====== Data ======
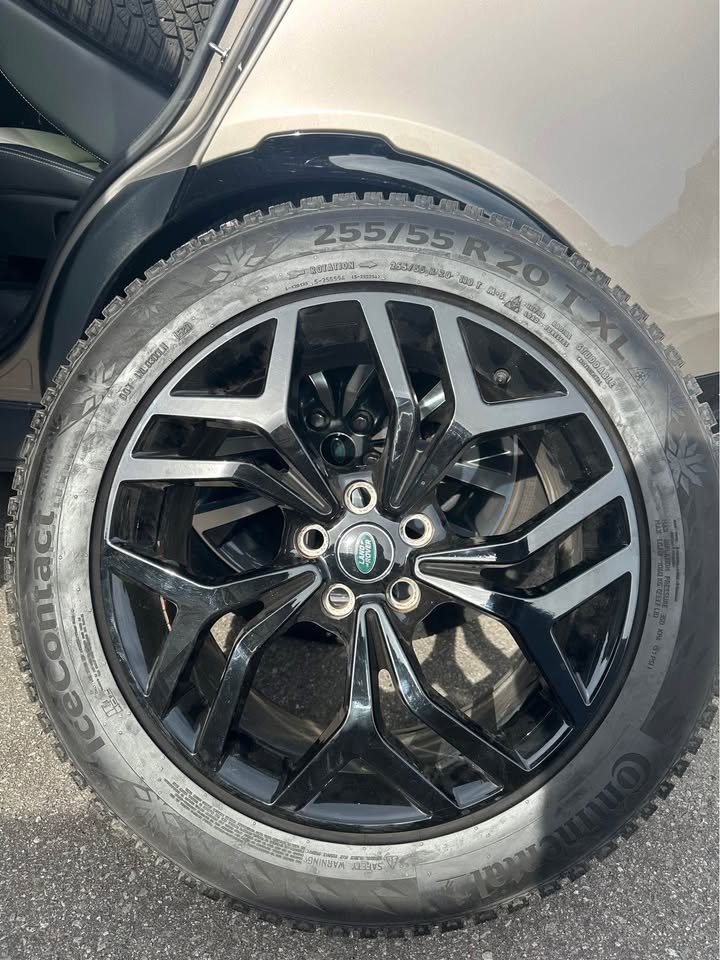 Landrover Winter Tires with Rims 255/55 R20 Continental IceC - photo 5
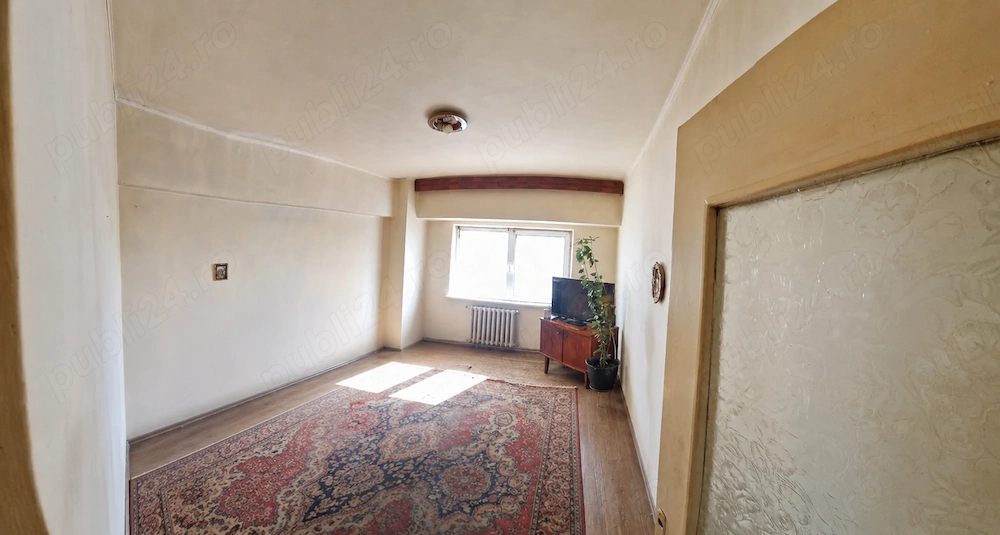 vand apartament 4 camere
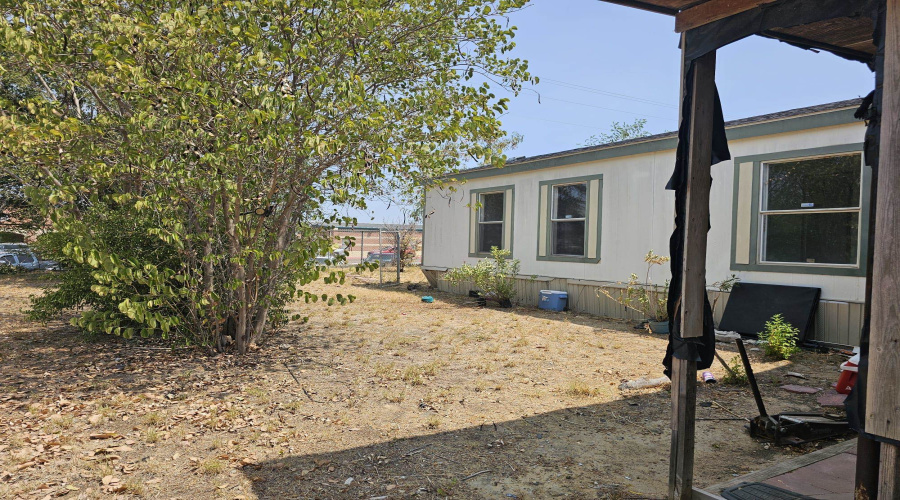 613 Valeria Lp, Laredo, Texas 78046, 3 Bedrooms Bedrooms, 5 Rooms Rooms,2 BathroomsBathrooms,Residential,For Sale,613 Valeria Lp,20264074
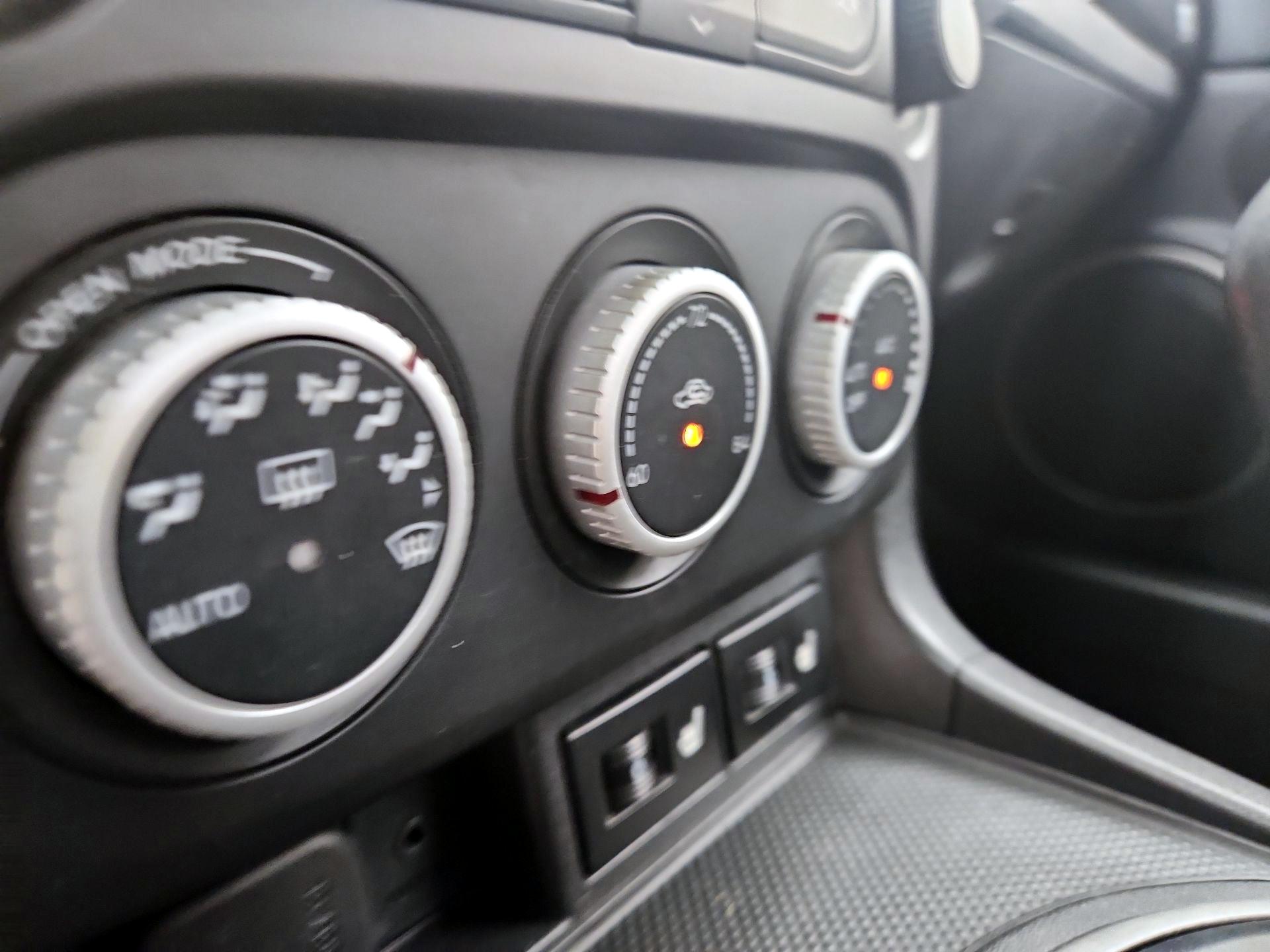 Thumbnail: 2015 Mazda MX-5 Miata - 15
======
◆ What to do ◆
The expected answer consists solely of the lines from the one with "vand apartament 4 camere" through the last line of the listing above, restated exactly, minus any pictures.

◆ Reply to the exercise ◆
 vand apartament 4 camere
 613 Valeria Lp, Laredo, Texas 78046, 3 Bedrooms Bedrooms, 5 Rooms Rooms,2 BathroomsBathrooms,Residential,For Sale,613 Valeria Lp,20264074
 Thumbnail: 2015 Mazda MX-5 Miata - 15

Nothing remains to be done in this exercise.